Un résumé des cinq nouvelles serait je pense inutile, ce n'est pas un format qui se résume, trop bref, c'est un format qui se découvre dans l'inconnu. Je n'en suis pas un habitué ni un très grand appréciateur, mais la lecture de cet ouvrage m'y a peut-être légèrement réconcilié.
Les plus intenses sont selon moi la première et la dernière, comme pour nous happer dans cet univers sans nous en laisser le choix, puis nous en dégager sans davantage de concession, que sa philosophie nous marque et nous imprègne au-delà de la simple lecture, jusque dans notre existence.

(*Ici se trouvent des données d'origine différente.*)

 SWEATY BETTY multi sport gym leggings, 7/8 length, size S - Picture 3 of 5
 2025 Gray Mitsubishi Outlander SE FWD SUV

Le mur, il est présent dans chacune de ces histoires, mais la question est ce que nous en faisons, on s'y cogne, presque toujours, mais après ? Nous devons faire un choix, essayer de le contourner, de l'escalader, d'attendre que quelque chose se passe, qu'il s'effondre... Quoiqu'il en soit, nous devons en faire quelque chose, cinq illustrations de la réaction que l'on peut avoir à sa rencontre, voilà ce qu'est ce livre.


Sans doute à prétention moins philosophique que La nausée, en apparence en tout cas, cet ouvrage n'en reste pas moins agréable à lire, difficile de ne pas apprécier -si ce n'est la philosophie- le style et le talent d'écrivain de Sartre. Pas forcément la meilleure porte d'entrée dans l'existentialisme sartrien -contrairement à ce que semble annoncer la couverture-, celle-ci reste intéressante à franchir pour peu que l'on ait une idée plus ou moins vague de l'endroit sur lequel son auteur souhaite qu'elle débouche.